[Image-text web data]
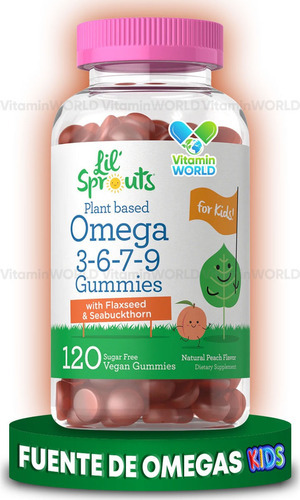 Carlyle Lil Sprouts Omega-3-6-7-9 Durazno 120 Gomitas Kids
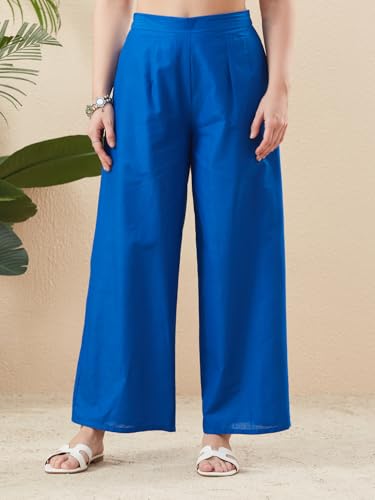 Image of MOKOSH Women's Cotton Embroidery Kurti with Palazzo | Kurta Set | Mirror Work | Round Neck Sleeveless | 2 Piece Outfit | Indian Kurta Outfit With Palazzo Pants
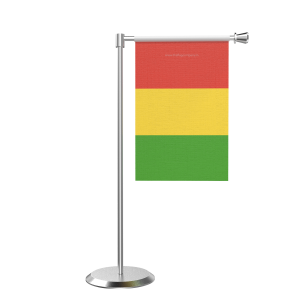 L Shape Table Guinea Table Flag With Stainless Steel Base And Pole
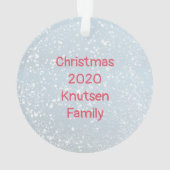 マスク付き雪だるま2020クリスマスアクリルオーナメント オーナメント (裏面)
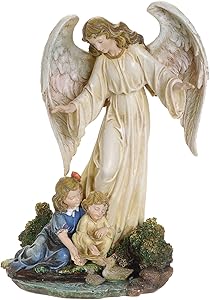 Joseph's Studio by Roman - Guardian Angel with Children Figure on Base, Renaissance Collection, 8.5" H, Resin and Stone, Religious Gift, Decoration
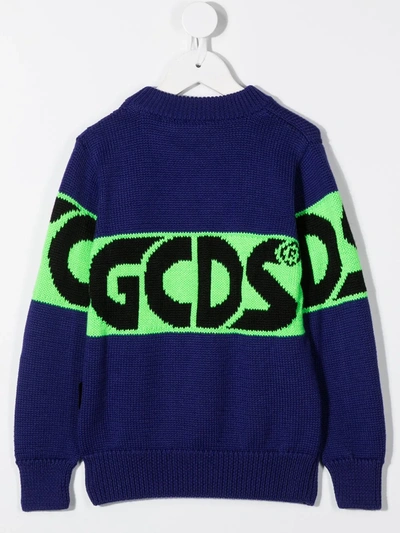 Gcds Contrast-logo Knit Jumper In Blue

■ **Directions**:
Every record above should be duplicated precisely, with the images removed.

■ **Exercise solution**:
 Carlyle Lil Sprouts Omega-3-6-7-9 Durazno 120 Gomitas Kids
 Image of MOKOSH Women's Cotton Embroidery Kurti with Palazzo | Kurta Set | Mirror Work | Round Neck Sleeveless | 2 Piece Outfit | Indian Kurta Outfit With Palazzo Pants
 L Shape Table Guinea Table Flag With Stainless Steel Base And Pole
 マスク付き雪だるま2020クリスマスアクリルオーナメント オーナメント (裏面)
 Joseph's Studio by Roman - Guardian Angel with Children Figure on Base, Renaissance Collection, 8.5" H, Resin and Stone, Religious Gift, Decoration
 Gcds Contrast-logo Knit Jumper In Blue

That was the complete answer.